Friday, January 13, 2006

American Courage

One of my heroes died last week. If a friend hadn’t pointed me to an article in the newspaper about it I wouldn’t have known. 1st Lt. Hugh Thompson Jr. was the pilot who landed his helicopter in the line of fire at My Lai in 1968 and stopped a massacre. He and his crew got out and risked their lives pointing their rifles at an American platoon run amok. That done, they turned their attention to terrified Vietnamese civilians and began evacuating wounded. Thompson was widely vilified for years because he had exposed an incident that gave credence to malicious anti-war propaganda spread by the likes of John Kerry. I didn’t see it that way. Lt. William Calley and his platoon were the villains at My Lai. They disgraced themselves and every soldier who ever served the nation honorably. I can’t say that what happened there was an isolated incident because I don’t know. I do know I never saw anything like it in my two tours in Vietnam and I know that Calley and his men were not representative of the Army I served. The Thompson crew were. Their kind of courage is what we all dream of seeing in our children. Thompson did the right thing knowing he was placing himself in serious physical danger, and not expecting any thanks for it.
I loved the Army and still do. The people I met there were by and large people I was proud to be associated with. We had our misguided of course, our sycophants and just plain bad actors. But mostly we had people who saw themselves as serving their country, people who were determined to do their duty as best they saw it. They believed in what they were doing. I believed in what I was doing. Leaving the Army was probably the most difficult decision I ever made. In the end I didn’t think I had a choice. I hadn’t yet been married four years and had spent two in Vietnam. I came home to two small children and a young wife who was a virtual stranger. We had almost no opportunity at all to establish a marriage. It wasn’t working. I had to do something different. So I chose my family over my career. I would make the same choice again and again through the years with no regrets but I do miss the Army.

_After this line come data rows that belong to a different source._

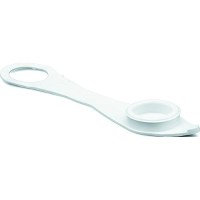 Thetford 94206 Dust Plug For City Water Check Valve, Polar White - 94206 - 363-94206 Superseded By: 865-94206F1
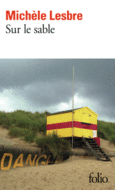 Couverture Sur le sable ()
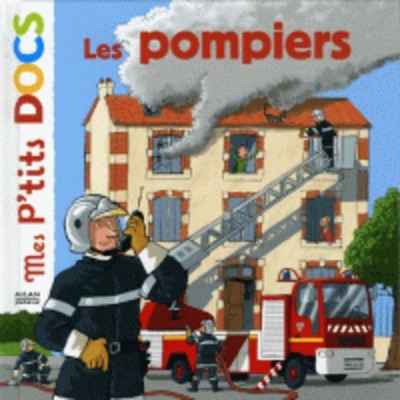 Les pompiers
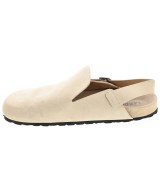 LARDINI（ラルディーニ）サンダル ベージュ サイズ:EU43(28cm位) メンズ/2200710818102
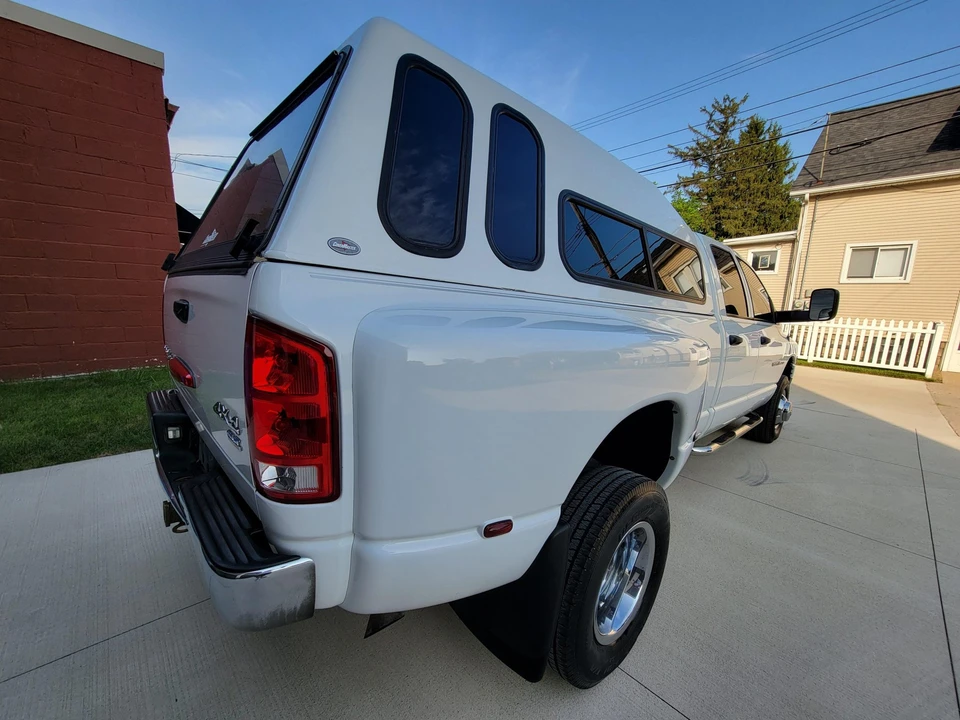 2003 Dodge Ram 3rd Gen - Image 27 of 31
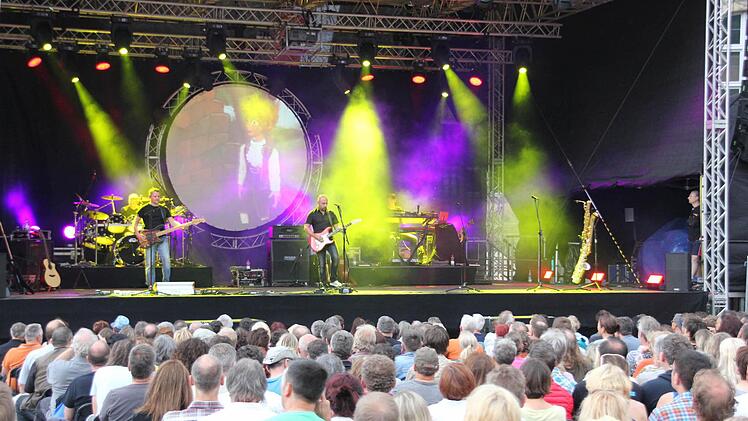 Foto: Ralf Kestel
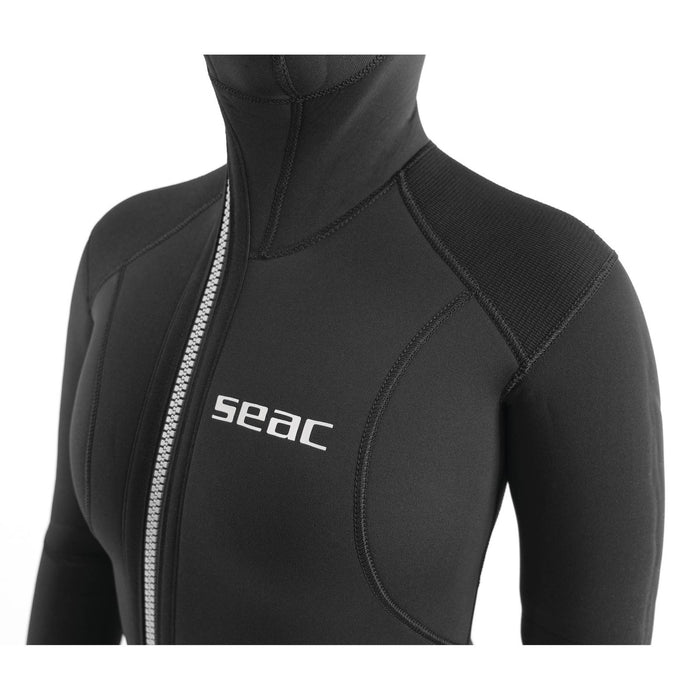 Combinaison de club femme 7 mm XS Seac 1-151-XS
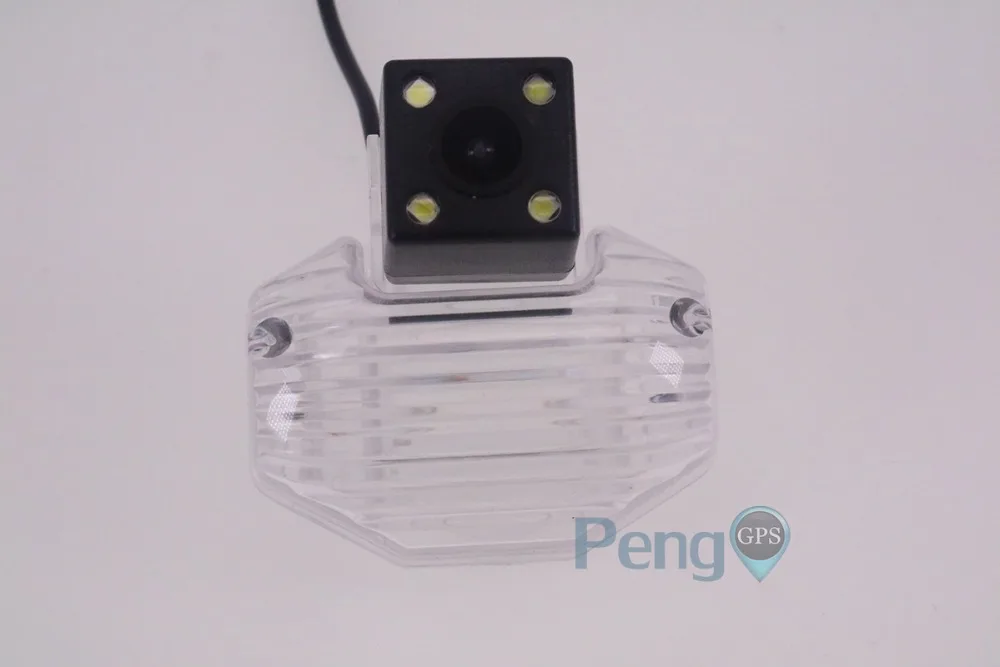 Водонепроницаемая камера заднего хода для Toyota Corolla 2007 2008 2009 2011 2012|reverse backup camera|toyota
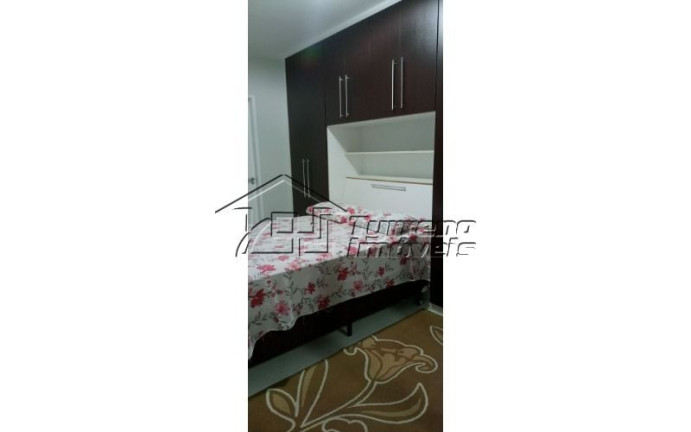 Imagem Apartamento com 3 Quartos para Alugar, 94 m² em Jardim Aquarius - São José Dos Campos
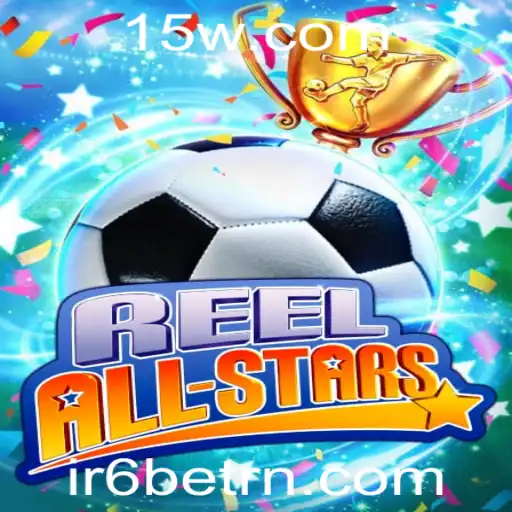 Descubra o ReelAllStars: Um Jogo de Estratégia e Diversão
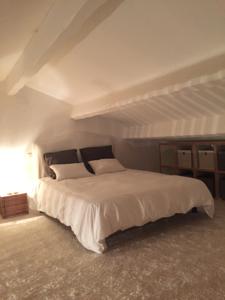 Hebergement Domaine de Mont Redon : photos des chambres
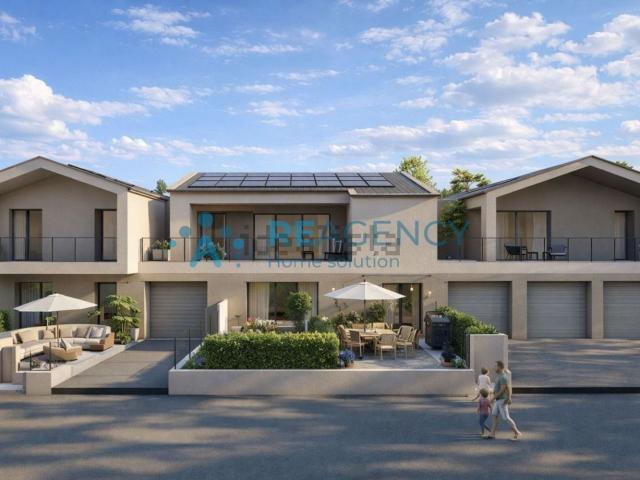 Appartamento in vendita di 115 m² in Via Palazzon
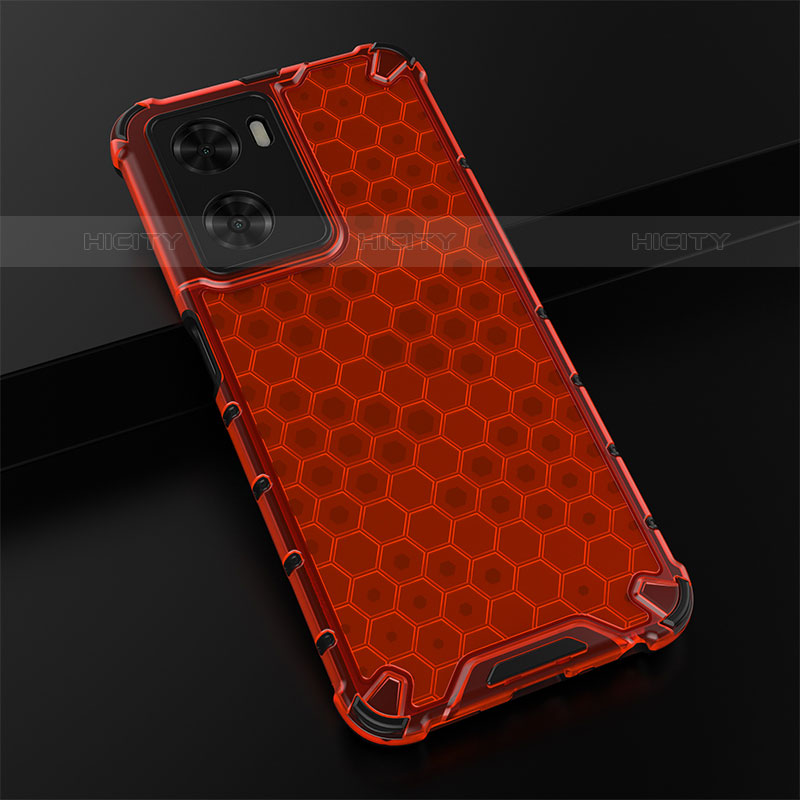 Carcasa Bumper Funda Silicona Transparente 360 Grados AM2 para OnePlus Nord N20 SE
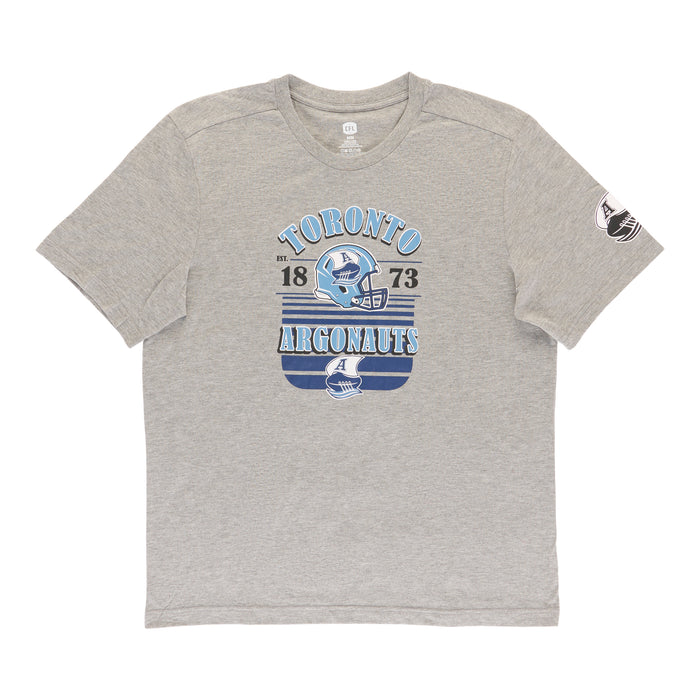 CFL Men's Toronto Argonauts Short Sleeve T-Shirt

I don’t know why the Calley platoon did what they did. I know from personal experience combat can bring out the best in people, and the worst, sometimes both in the same person. Maybe some sort of mad blood lust came over Calley and his men. It can produce heroism of an unsettling kind, as depicted in the Mel Gibson movie The Patriot. The character played by Gibson frees his son from British captivity in a wild rage and brutally kills an entire British squad. Blood lust is better known for producing the kind of massacre that occurred at Wounded Knee, the kind that was in progress at My Lai.
Whatever happened with the Calley platoon, the real story of My Lai is Lt. Thompson’s. It made me proud to be an American. I suppose atrocities occur in any war on both sides. That isn’t news. The news is that we Americans hold ourselves to a higher standard. Every now and then one of our own reminds us of our ideals. That’s what Lt. Thompson and his crew did for me at My Lai. They reminded me what I was fighting for. God bless you Hugh Thompson.